Грэхем посмотрел на него не самым дружелюбным взглядом:
— Я вот учусь культурной речи, а ты надо мной смеешься. Вместо того, чтобы поощрять.
Реквием поклонился — полностью, изящно, выставив руку вперед. В эту руку просто просилась шляпа с пером, иначе жест выглядел незаконченным. Реквием выпрямился.
— Я прошу прощения, Грэхем, потому что ты совершенно прав. Твои усилия я нахожу достохвальными. Я поступил неучтиво и приношу свои извинения.
— Вот почему, когда ты извиняешься, такое чувство, будто ты издеваешься опять? — спросил Грэхем.
— Ребята, к делу. Что там с Питером?
— Там с ним Тед Форрестер, федеральный маршал. — Произнесено было с интонацией «Супермен, человек-из-стали». Он поможет ему принять решение.
— Но с ним может быть все в порядке, и укол тогда гарантированно даст то, чего они не хотят.
Грэхем пожал плечами:
— Я ж говорю, вещь новая.
— Экспериментальная, — уточнила я.
— И это тоже, — кивнул он.
— Какой вид ликантропии ему хотят ввести?
— Не хотят говорить, но, вероятно, какая-то из кошачьих, и не тигр.
— Будем надеяться, — сказала я. — Вакцины делают большими партиями. Они точно знают, что там за кошка?
Грэхем посмотрел на меня так, будто до него только что дошло.
— Ты же не хочешь сказать, что ему второй раз вгонят тигра? Это ж тогда он точно тигром станет.
— Именно. Кто-нибудь спрашивал, какой там вид кошачьих?
Судя по лицу Грэхема, он не знал, чтобы кто-нибудь задавал такой вопрос. Я посмотрела на Реквиема:
— Я был рядом с твоей постелью, мальчика не видел.
— Грэхем, пойди спроси. И пусть Тед знает, о чем я спросила.
Грэхем даже спорить не стал — кивнул и пошел к двери. Отлично. Потому что я теперь знала, где я. В подвале бывшей больницы, но нижние этажи переоборудовали в место содержания подозреваемых на вампиризм тел, если не было уверенности, что ими займутся до наступления темноты. А еще тут держат жертв нападения ликантропов или самих раненых оборотней, пока они не смогут покинуть здание. А то можно их силой поместить в государственную тюрьму… пардон, в «безопасное убежище». Вроде бы скоро в Верховном суде будет слушаться дело по инициативе АКЛУ — сколько и какие именно конституционные права нарушают эти «убежища». Помещают туда по добровольному согласию — во всяком случае, начиная с восемнадцати лет.
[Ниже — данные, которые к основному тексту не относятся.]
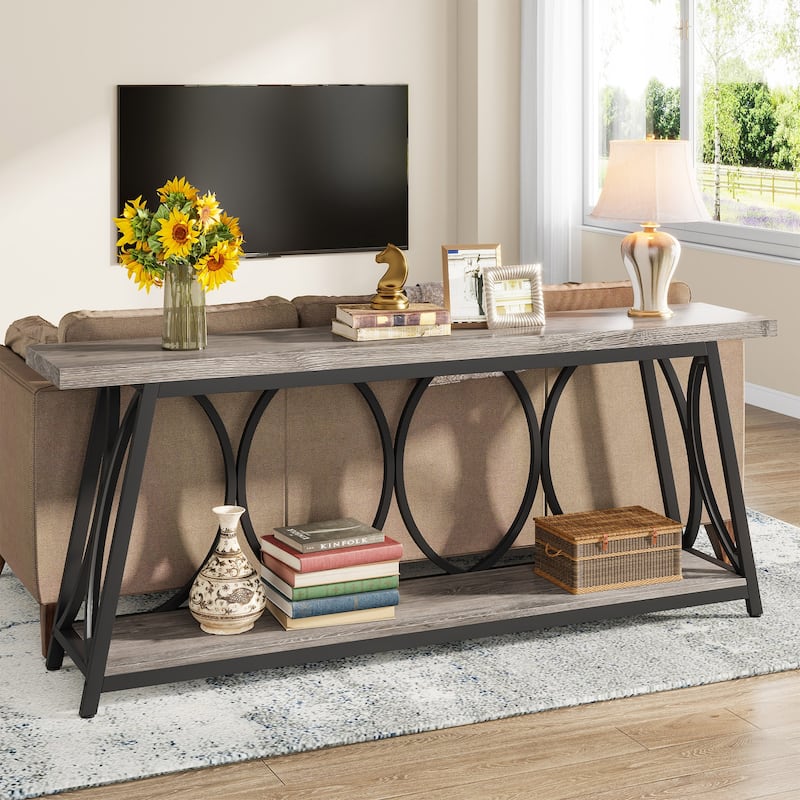 70.9 Inches Extra Long Console Table with 2 Tier Storage Shelf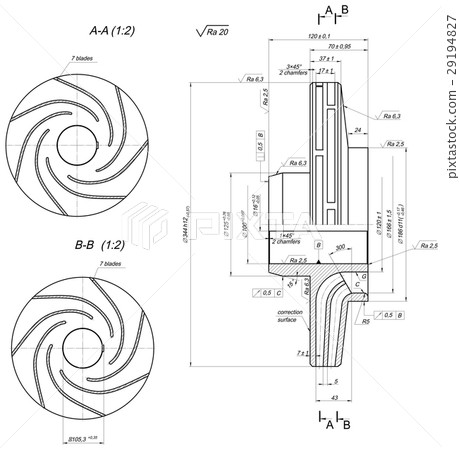 Sketch of wheel with section and blades - Stock Illustration [29194827 ...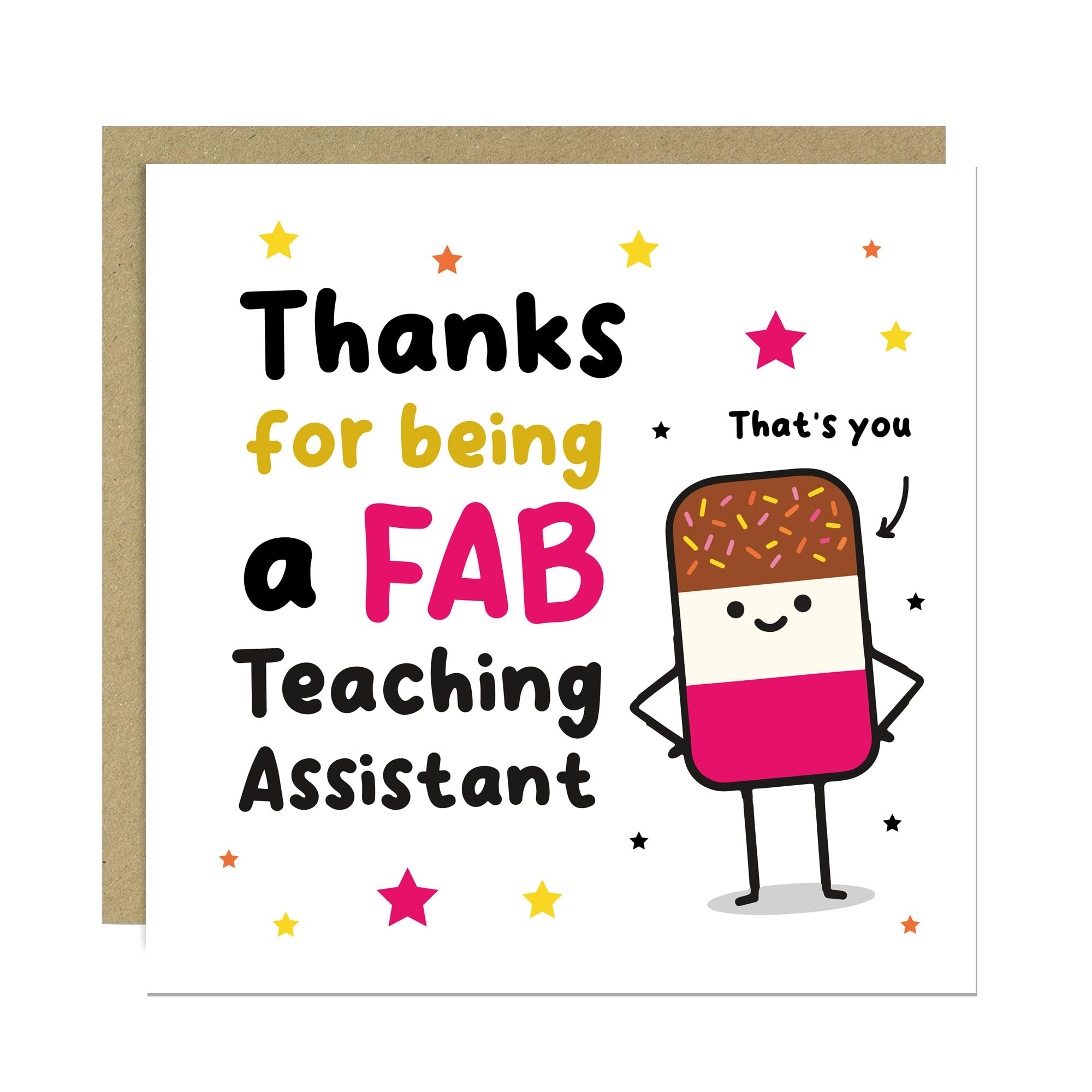 RED OCEAN Teaching Assistant Thank You Card FAB TA Card With Kraft Envelope Teacher Appreciation Cards To Say Thank You Teaching Assistant Cards For Men Women Novelty
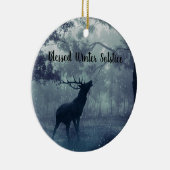 賛美された冬至の森林雄鹿 セラミックオーナメント (右)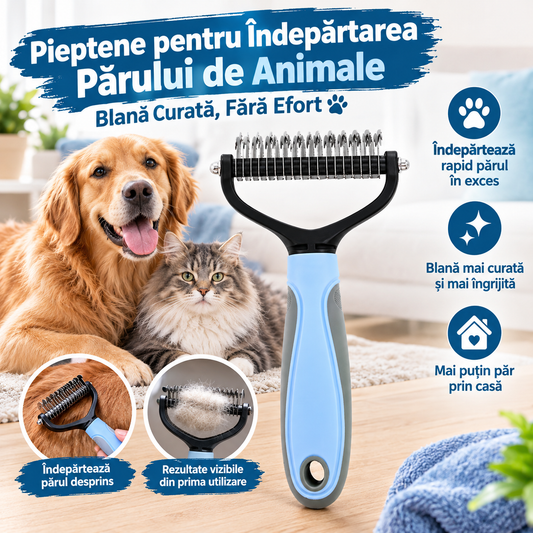 Pieptene pentru Îndepărtarea Părului de Animale – Blană Curată, Fără Efort🐾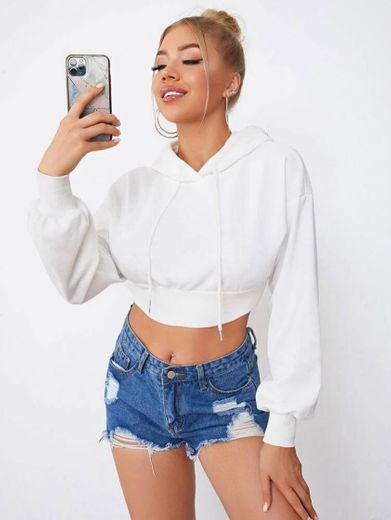 SHEIN Branco Cordão Simples Ocasional Suéter

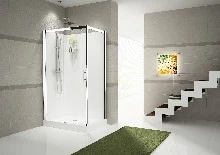 DOUCHECABINE NOVELLINI VERDI 120 - 90 o 213 ! chroom veiligheidsglas helder schuifdeur links - m/witte glazen achterwand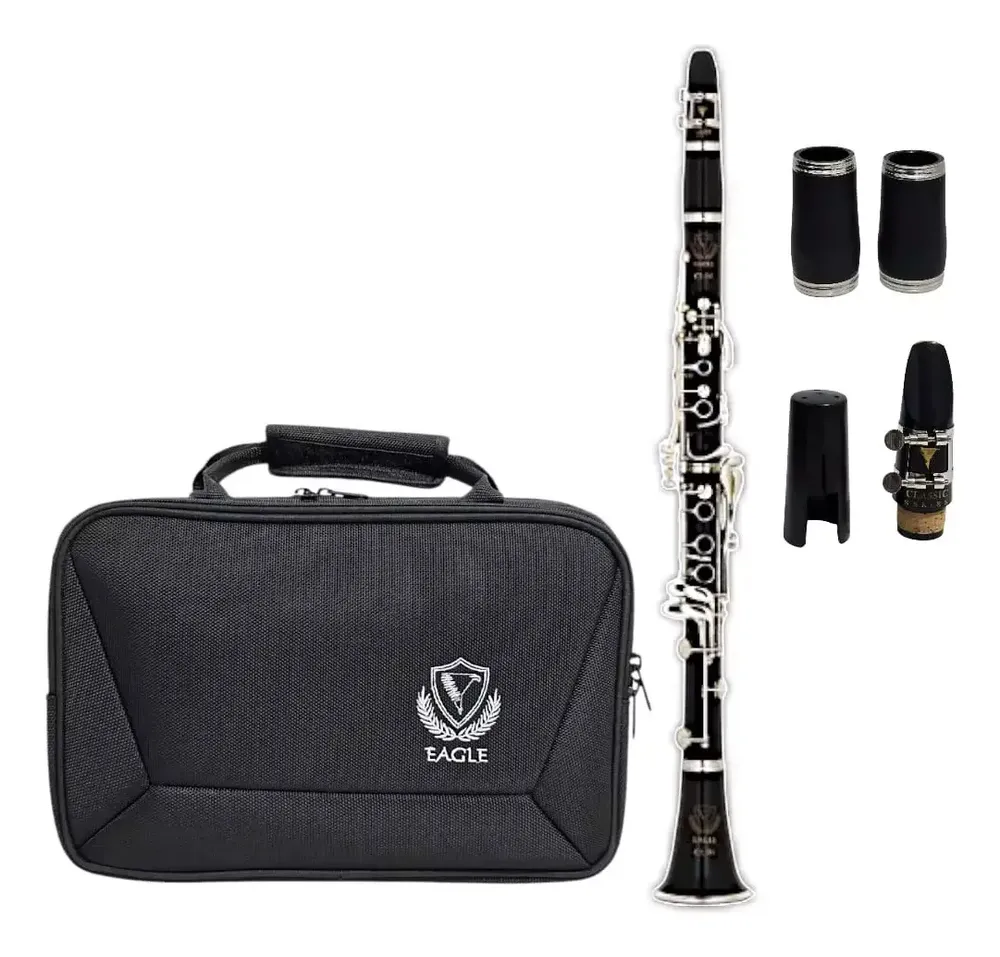 Clarinete Eagle Em Sib 17 Chaves Niqueladas Cl04n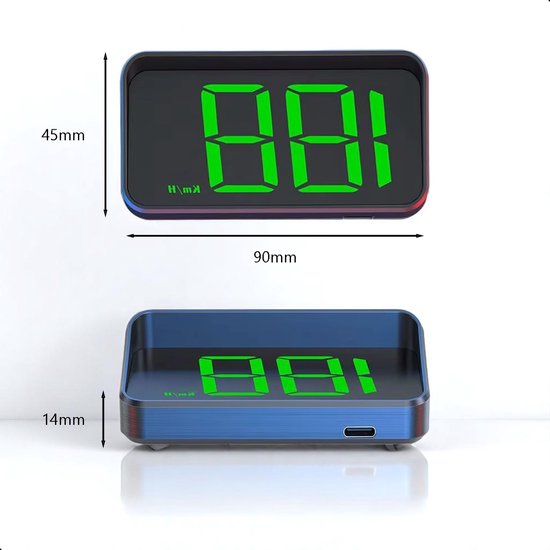 Tech Essentials Automatic - GPS Speedometer Car HUD - USB-C - Green - Head Up Displays - Plug and Play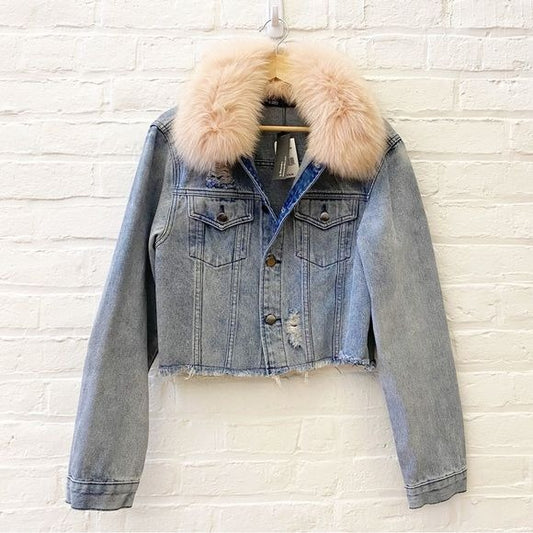 Ava & Kris || Hailey Fox Fur-collar Denim Jacket In Peach Small NWT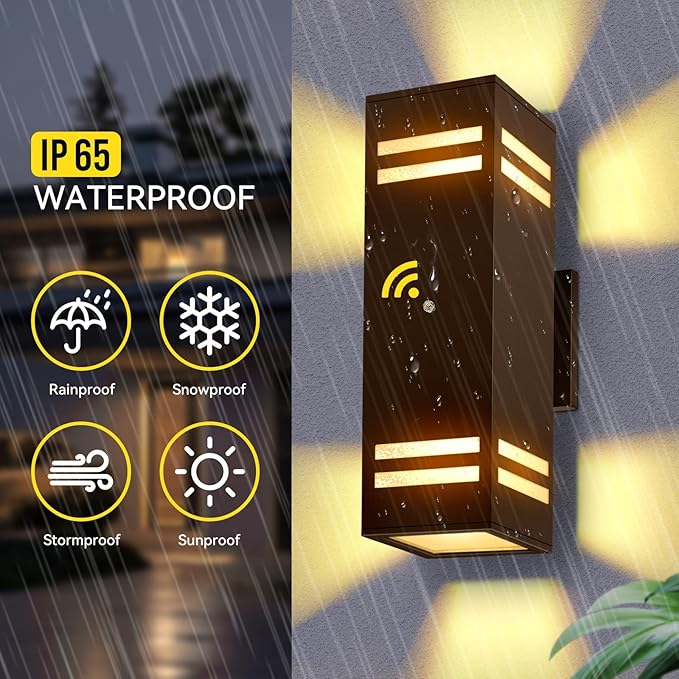 2-Pack Bronze Dusk to Dawn Outdoor Lights, Wall Light Wtih LED Bulbs, Modern Up Down Lights Outdoor, IP65 Waterproof Exterior Lighting Fixtures, Outside Lights for House for Porch, Garage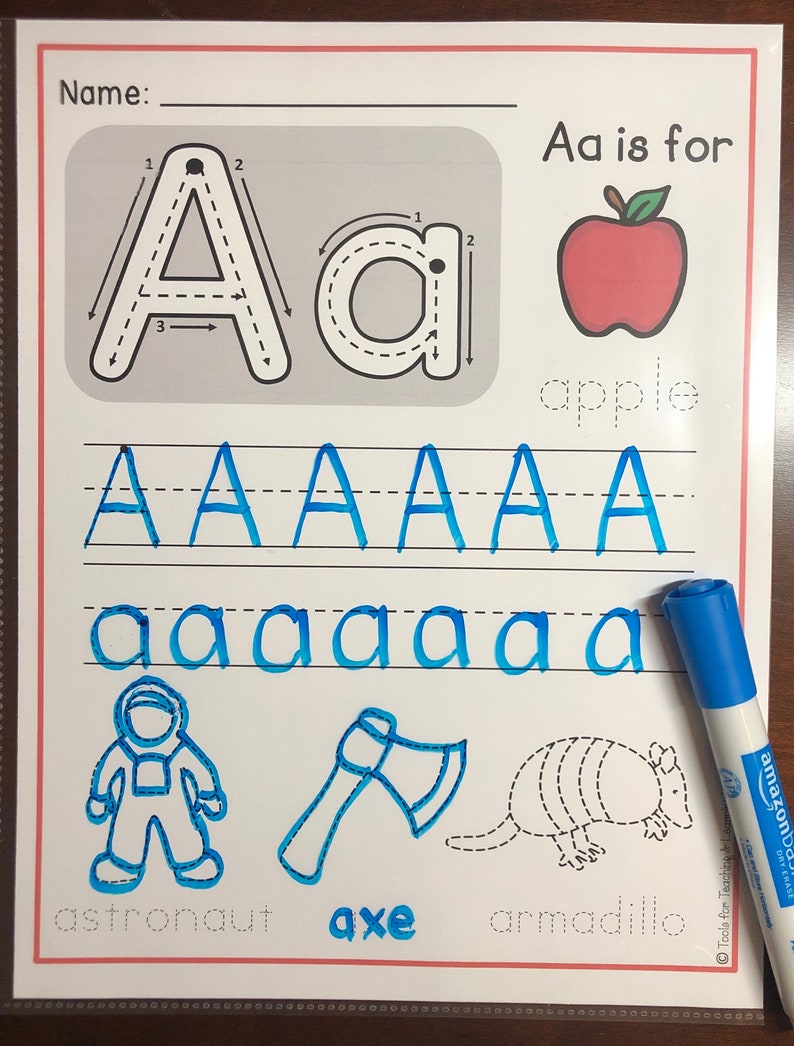 May include: A printable worksheet for learning the letter A. The worksheet includes tracing lines for the uppercase and lowercase letters, space to practice writing the letter, and pictures of an apple, astronaut, axe, and armadillo.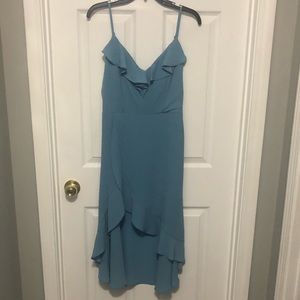 Gianni Bini High Low Dress Romper Med Dusty Blue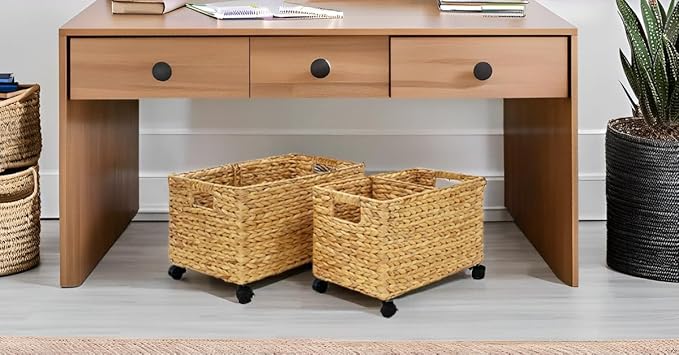PEMAR Rolling Wicker Storage Basket Set of 2 – Natural Water Hyacinth & Seagrass Bins on Wheels with Removable Divider & Insert Handles – Nesting Design for Under Desk, Home & Office Organization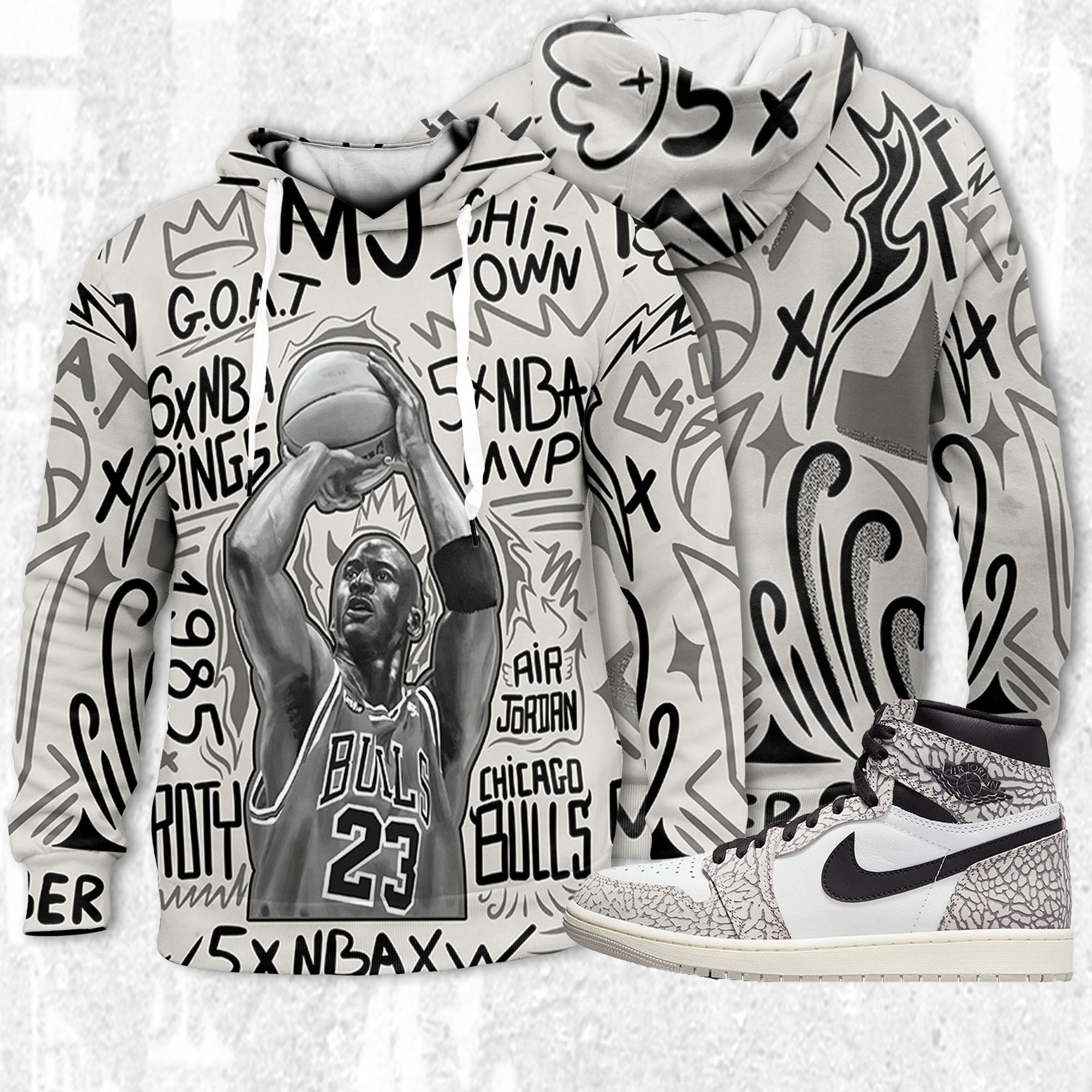 MJ The Goat 3D Doodles MJ Unisex Hoodie 3D match Jordan 1 Elephant Print White Cement Jordan MatchHoodie 3D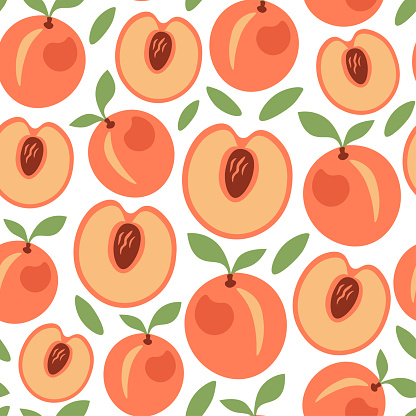 Fruit juicy cute summer vector seamless illustration with peach half and leaf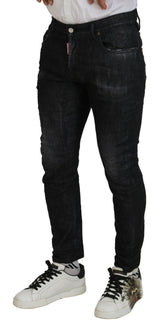 Black Cotton Skinny Skinny Casual Men Jeans denim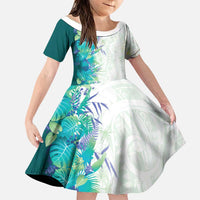 Hawaii Tropical Plant Teal Family Matching Summer Maxi Dress and Hawaiian Shirt Vibrant Polynesian Pattern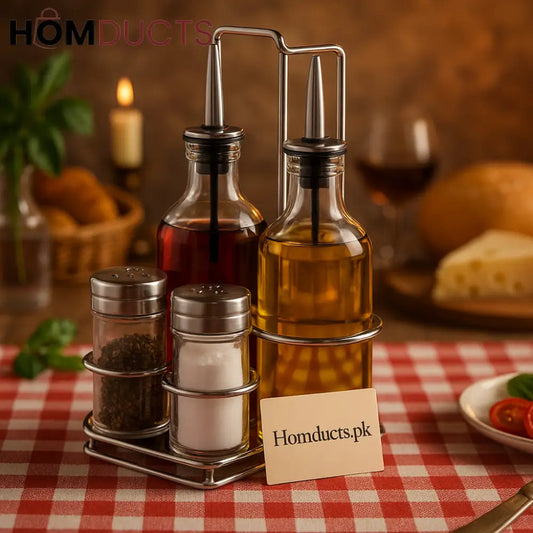 Gourmet Oil & Spice Dispenser Set – 5pc Stainless Steel Caddy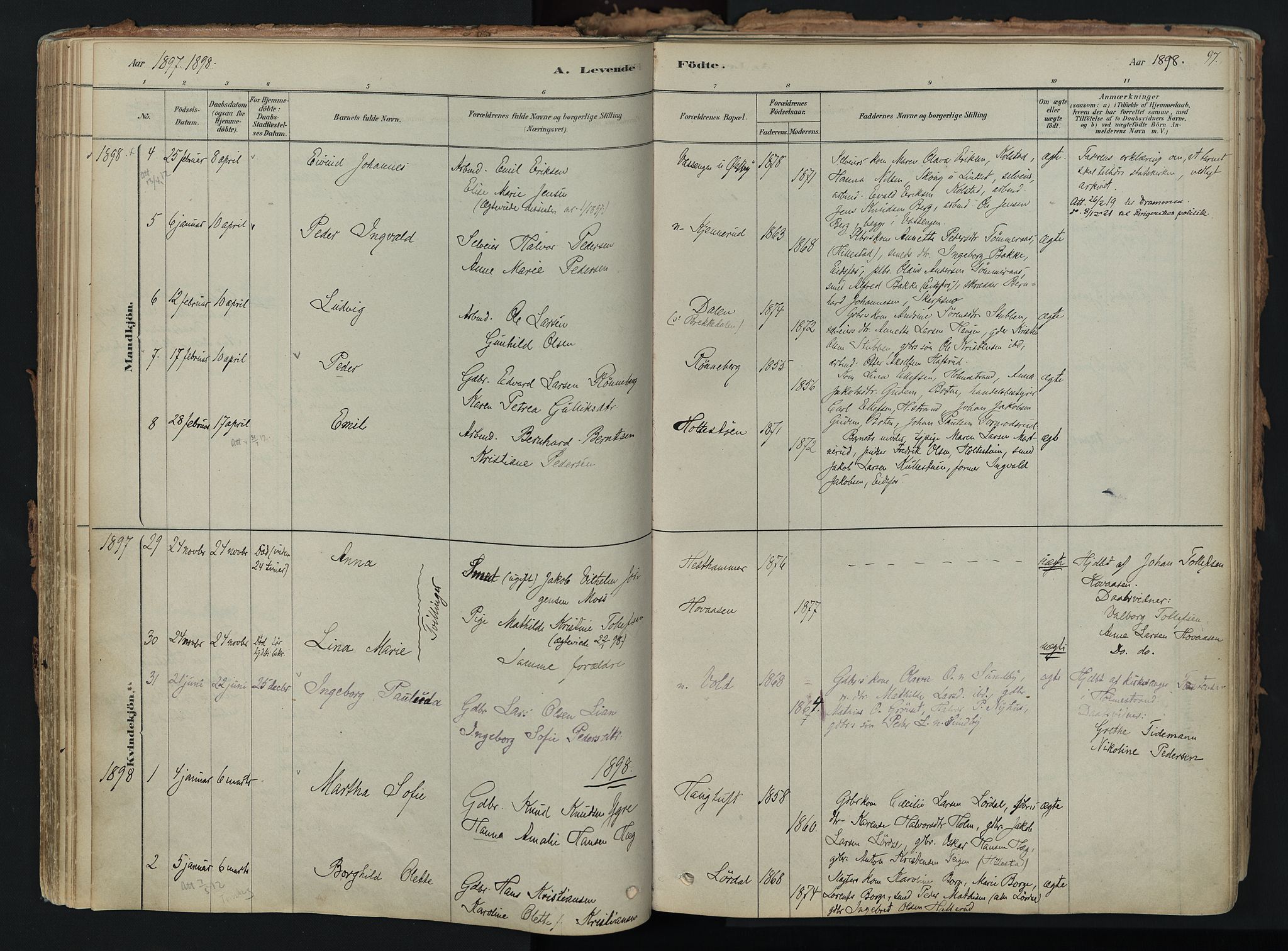 Hof kirkebøker, AV/SAKO-A-64/F/Fa/L0007: Ministerialbok nr. I 7, 1878-1940, s. 97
Оборотням говорят, что их выпустят, как только они научатся управлять своим зверем, но получается так, что кто туда попал, уже оттуда не выходит. Обычно в больницах есть изоляторы для раненых оборотней и вампиров, но в них посылают, если есть серьезные основания для беспокойства. Как же мы, черт побери, сюда попали?
— Реквием! — позвала я.
Он подошел к кровати, туго завернувшись в свой черный плащ — только бледное лицо чуть выглядывает из-под капюшона.
— Да, звезда моя вечерняя?
— Почему это обращение у тебя звучит с каждым разом все язвительнее?
На это он мигнул, закрыв эти живые синие глаза.
— Я приложу все усилия, чтобы говорить это с той интонацией, которую хочу вложить, звезда моя вечерняя.
На этот раз прозвучало нежно и романтично, что тоже мне не понравилось. Однако я промолчала. Пожалуюсь позже, когда пойму, какой от этого будет толк.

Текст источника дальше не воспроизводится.